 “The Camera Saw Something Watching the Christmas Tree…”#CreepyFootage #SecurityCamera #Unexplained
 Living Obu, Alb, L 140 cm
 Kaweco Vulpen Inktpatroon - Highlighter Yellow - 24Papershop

:::

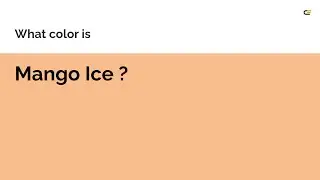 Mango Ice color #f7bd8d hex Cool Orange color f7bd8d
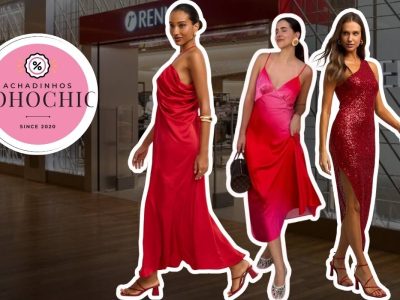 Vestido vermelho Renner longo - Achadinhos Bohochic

:::

All lines above from the one holding "Living Obu, Alb, L 140 cm" to the one holding "Kaweco Vulpen Inktpatroon", inclusive, are to be copied exactly; no other line is wanted.

 Living Obu, Alb, L 140 cm
 Kaweco Vulpen Inktpatroon - Highlighter Yellow - 24Papershop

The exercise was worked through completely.